» **Your assignment**:
From the listing below, retype exactly the line holding "Photo 15 Hyundai", the line holding "LONDON, ENGLAND - FEBRUARY", and the lines between them; skip everything else.

» **Material shown**:
*** Block opens ***

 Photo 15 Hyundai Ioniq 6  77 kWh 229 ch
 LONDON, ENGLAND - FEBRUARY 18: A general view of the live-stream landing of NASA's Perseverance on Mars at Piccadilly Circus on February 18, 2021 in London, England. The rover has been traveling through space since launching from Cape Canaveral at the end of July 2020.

*** Block closes ***
*** Block opens ***

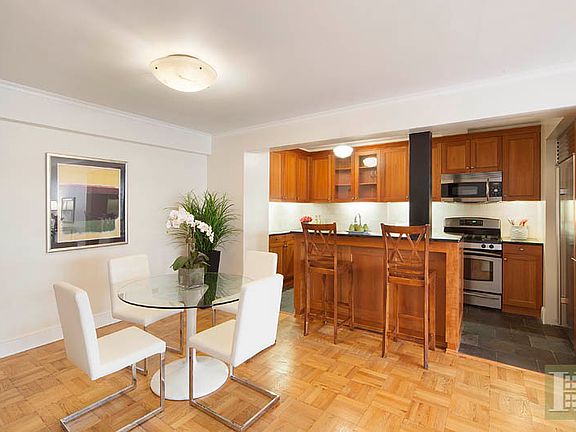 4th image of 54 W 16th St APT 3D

*** Block closes ***
*** Block opens ***

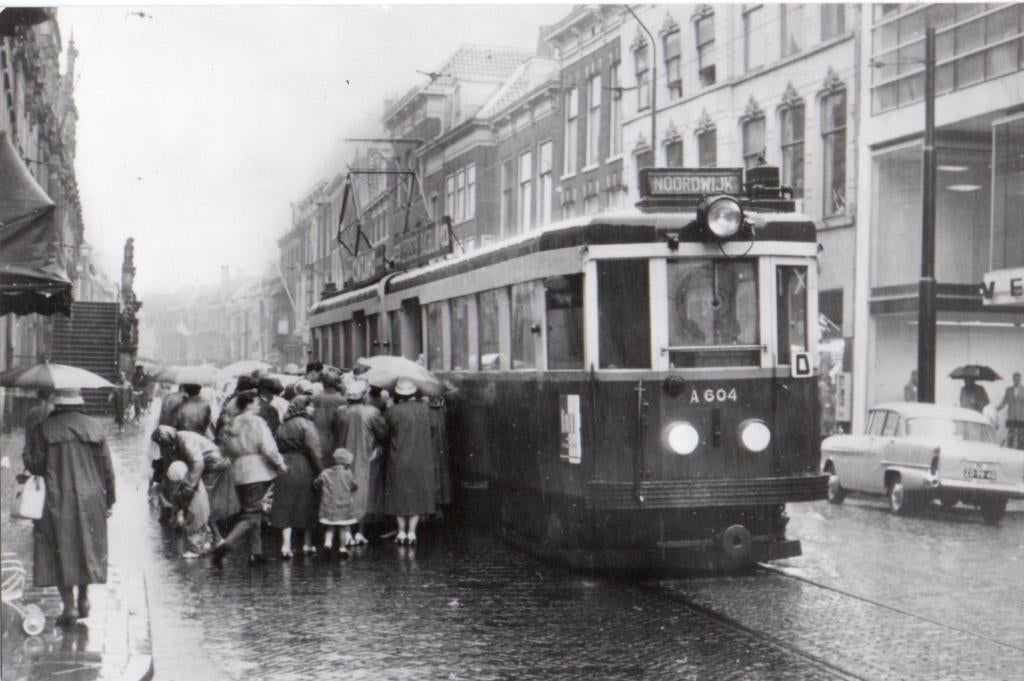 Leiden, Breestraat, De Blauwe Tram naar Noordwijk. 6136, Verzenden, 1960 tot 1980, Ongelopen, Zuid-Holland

*** Block closes ***

» **Finished exercise**:
 Photo 15 Hyundai Ioniq 6  77 kWh 229 ch
 LONDON, ENGLAND - FEBRUARY 18: A general view of the live-stream landing of NASA's Perseverance on Mars at Piccadilly Circus on February 18, 2021 in London, England. The rover has been traveling through space since launching from Cape Canaveral at the end of July 2020.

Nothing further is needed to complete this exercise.